### Problem description
Write out every line exactly, from the start of the records below to the line with "This molecular spectroscopy", and stop there. Don't write out the pictures.

[Items listed in a dataset]
──────
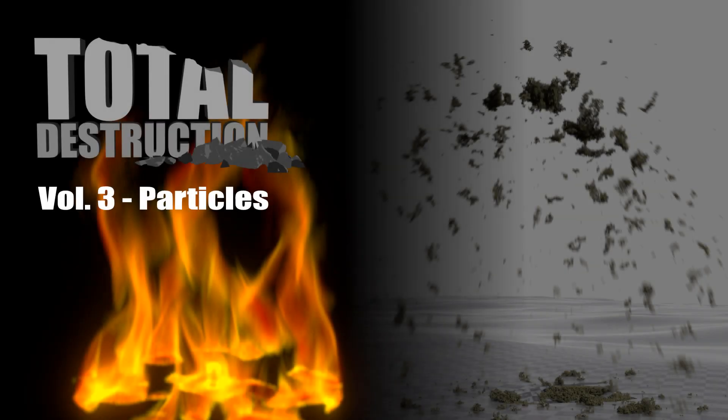Welcome to the Total Destruction Tutorial Series. In this series, I will take you step by step through the process of creating production quality destruction effects from planning to the final compositing.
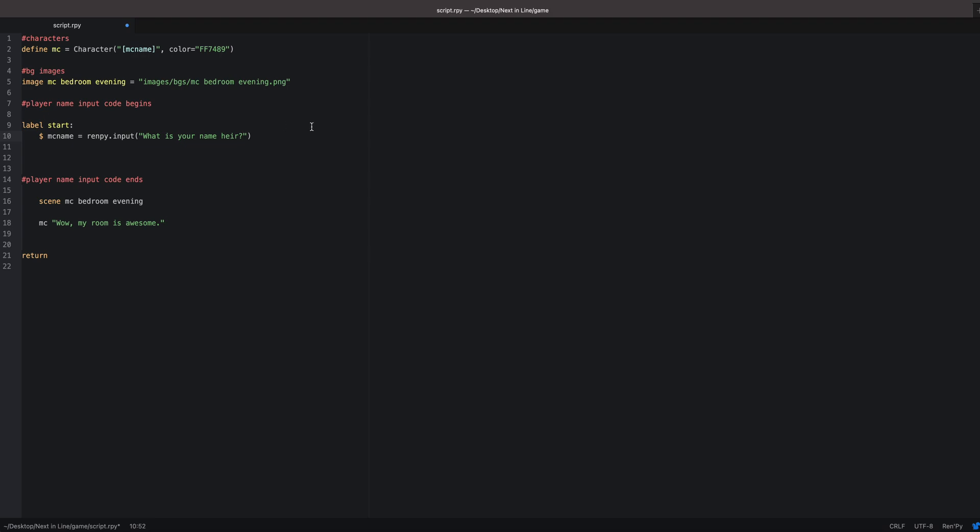Now I'm going to show you in a minute how to add a default name to show up automatically, but first I'm going to show you how to have a default name if they don't add anything. After you have this part, you want to skip a line. Again, you're going to use what's in the brackets. So you have the variable mc name equals, again what's in the brackets, mc name dot strip, and then two parentheses.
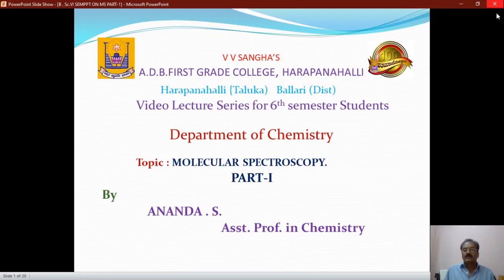This molecular spectroscopy is a big chapter from which more number of questions are expected in the question paper. The study of molecular spectroscopy includes different parts: the first is the introduction to molecular spectroscopy, the second is the study of rotation spectroscopy, third is the study of vibration spectroscopy, and fourth is the rotation and vibration spectroscopy.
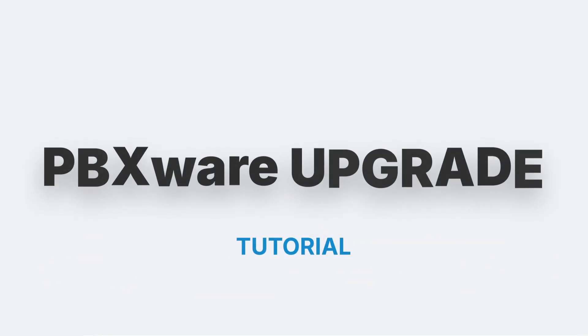Hi, and welcome back to another Bicom Systems video tutorial. In this video, we will cover all steps needed to request an upgrade for PBXware.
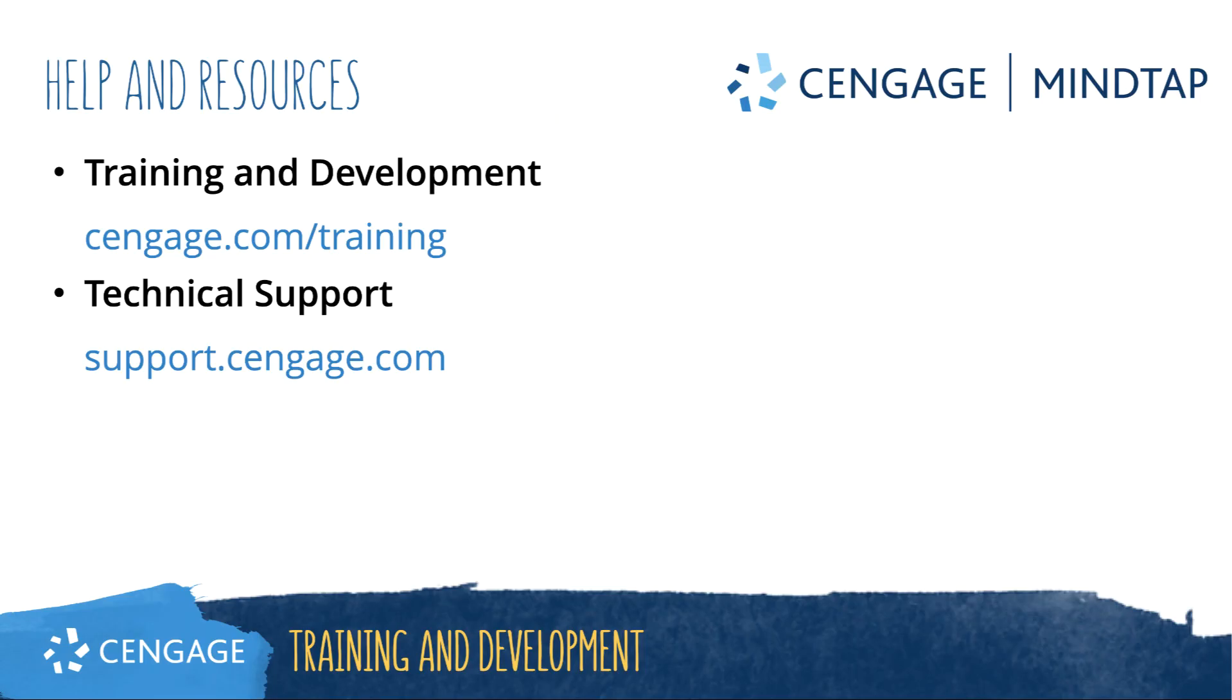Thank you for completing this video training for MindTap. For additional help or resources, please visit our training and support sites.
──────
### Response below
Welcome to the Total Destruction Tutorial Series. In this series, I will take you step by step through the process of creating production quality destruction effects from planning to the final compositing.
Now I'm going to show you in a minute how to add a default name to show up automatically, but first I'm going to show you how to have a default name if they don't add anything. After you have this part, you want to skip a line. Again, you're going to use what's in the brackets. So you have the variable mc name equals, again what's in the brackets, mc name dot strip, and then two parentheses.
This molecular spectroscopy is a big chapter from which more number of questions are expected in the question paper. The study of molecular spectroscopy includes different parts: the first is the introduction to molecular spectroscopy, the second is the study of rotation spectroscopy, third is the study of vibration spectroscopy, and fourth is the rotation and vibration spectroscopy.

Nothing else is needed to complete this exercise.